Loxosceles haddadi

Scientific classification
- Kingdom: Animalia
- Phylum: Arthropoda
- Subphylum: Chelicerata
- Class: Arachnida
- Order: Araneae
- Infraorder: Araneomorphae
- Family: Sicariidae
- Genus: Loxosceles
- Species: L. haddadi
- Binomial name: Loxosceles haddadi Leon N. Lotz, 2017

= Loxosceles haddadi =

- Authority: Leon N. Lotz, 2017

Species of spider

Loxosceles haddadi is a species of spider in the family Sicariidae. It is endemic to Limpopo province of South Africa.

==Distribution==
Loxosceles haddadi is known only from the type locality at Lhuvhondo Nature Reserve in Limpopo province at 1341 m above sea level.

==Habitat and ecology==
The species is a ground dweller collected from under rocks in the Savanna biome.

==Conservation==
Loxosceles haddadi is listed as Data Deficient due to taxonomic reasons. The species is known only from the type locality and its status remains obscure. More sampling is needed to collect females and determine the species' range.
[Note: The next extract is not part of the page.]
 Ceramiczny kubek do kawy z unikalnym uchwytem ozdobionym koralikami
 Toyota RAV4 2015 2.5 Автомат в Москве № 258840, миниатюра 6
The species is protected in Lhuvhondo Nature Reserve.

==Etymology==
The species is named after Charles R. Haddad, a South African arachnologist who has made significant contributions to spider research in southern Africa.

==Taxonomy==
The species was described by Leon N. Lotz in 2017 from Lhuvhondo Nature Reserve. It is known only from males, with females remaining to be discovered.